◆ REQUIRED WORK: Go through the records, and copy each line in which the string "Used" is present.
*** SUPPLIED INFORMATION ***
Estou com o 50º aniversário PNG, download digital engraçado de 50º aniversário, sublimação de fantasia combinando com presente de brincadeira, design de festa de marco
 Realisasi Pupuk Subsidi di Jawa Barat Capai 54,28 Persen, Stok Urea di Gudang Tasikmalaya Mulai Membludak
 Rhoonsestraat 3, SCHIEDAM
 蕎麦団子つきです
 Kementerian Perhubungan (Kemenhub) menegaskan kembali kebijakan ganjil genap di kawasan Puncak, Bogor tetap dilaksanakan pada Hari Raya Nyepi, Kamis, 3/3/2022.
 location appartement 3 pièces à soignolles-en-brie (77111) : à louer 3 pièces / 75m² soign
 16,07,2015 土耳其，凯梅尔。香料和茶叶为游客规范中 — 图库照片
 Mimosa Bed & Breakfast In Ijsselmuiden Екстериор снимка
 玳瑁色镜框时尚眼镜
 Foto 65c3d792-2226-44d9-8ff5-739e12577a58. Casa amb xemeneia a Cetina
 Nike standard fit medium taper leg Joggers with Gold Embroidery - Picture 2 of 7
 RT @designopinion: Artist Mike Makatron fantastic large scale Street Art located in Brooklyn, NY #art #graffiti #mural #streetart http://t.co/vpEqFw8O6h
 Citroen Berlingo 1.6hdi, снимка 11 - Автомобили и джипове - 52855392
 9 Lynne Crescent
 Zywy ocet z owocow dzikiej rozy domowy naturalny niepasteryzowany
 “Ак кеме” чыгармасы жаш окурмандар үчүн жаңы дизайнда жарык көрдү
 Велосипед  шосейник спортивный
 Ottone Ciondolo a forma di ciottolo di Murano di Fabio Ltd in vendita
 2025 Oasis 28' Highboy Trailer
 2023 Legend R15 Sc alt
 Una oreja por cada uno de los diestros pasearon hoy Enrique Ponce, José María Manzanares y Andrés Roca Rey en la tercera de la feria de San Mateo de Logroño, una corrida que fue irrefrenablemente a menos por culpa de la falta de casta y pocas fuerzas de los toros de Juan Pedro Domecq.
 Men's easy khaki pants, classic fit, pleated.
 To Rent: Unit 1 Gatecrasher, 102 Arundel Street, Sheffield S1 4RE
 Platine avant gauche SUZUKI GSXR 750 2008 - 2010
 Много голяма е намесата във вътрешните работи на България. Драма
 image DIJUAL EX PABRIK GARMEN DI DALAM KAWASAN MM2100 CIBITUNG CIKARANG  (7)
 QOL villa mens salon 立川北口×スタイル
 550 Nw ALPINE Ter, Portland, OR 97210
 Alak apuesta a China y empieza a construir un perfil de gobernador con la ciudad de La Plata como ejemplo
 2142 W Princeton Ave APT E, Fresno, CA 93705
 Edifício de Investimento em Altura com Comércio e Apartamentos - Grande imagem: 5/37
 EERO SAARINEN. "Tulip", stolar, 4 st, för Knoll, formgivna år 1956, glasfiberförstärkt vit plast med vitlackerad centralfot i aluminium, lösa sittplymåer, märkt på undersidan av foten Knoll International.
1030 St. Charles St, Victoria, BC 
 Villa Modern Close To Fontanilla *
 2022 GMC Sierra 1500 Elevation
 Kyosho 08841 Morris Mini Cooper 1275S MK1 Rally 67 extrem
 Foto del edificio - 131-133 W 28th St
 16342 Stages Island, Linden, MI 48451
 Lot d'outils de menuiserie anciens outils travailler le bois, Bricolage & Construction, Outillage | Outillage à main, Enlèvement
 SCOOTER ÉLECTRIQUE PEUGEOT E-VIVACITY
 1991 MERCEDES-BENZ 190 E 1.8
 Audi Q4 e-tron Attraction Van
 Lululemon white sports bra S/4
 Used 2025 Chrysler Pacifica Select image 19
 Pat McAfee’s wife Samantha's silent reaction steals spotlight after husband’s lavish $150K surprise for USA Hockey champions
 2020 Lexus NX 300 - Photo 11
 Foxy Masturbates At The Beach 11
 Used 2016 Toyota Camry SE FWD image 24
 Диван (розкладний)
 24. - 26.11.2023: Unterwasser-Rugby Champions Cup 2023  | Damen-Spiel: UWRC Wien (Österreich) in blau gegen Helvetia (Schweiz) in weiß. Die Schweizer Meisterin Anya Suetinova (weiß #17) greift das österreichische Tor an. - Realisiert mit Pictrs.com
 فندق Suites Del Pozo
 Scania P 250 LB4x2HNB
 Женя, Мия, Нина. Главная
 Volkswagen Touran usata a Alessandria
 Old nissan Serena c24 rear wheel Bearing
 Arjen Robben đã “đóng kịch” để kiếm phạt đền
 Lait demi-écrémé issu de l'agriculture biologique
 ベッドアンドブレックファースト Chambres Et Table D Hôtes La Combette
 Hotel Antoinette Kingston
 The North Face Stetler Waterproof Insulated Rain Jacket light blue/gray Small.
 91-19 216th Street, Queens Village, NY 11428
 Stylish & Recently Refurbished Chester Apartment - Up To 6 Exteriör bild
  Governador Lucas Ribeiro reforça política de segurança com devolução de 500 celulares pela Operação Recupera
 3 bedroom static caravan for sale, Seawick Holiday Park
*** End of SUPPLIED INFORMATION ***
◆ ANSWER:
 Used 2025 Chrysler Pacifica Select image 19
 Used 2016 Toyota Camry SE FWD image 24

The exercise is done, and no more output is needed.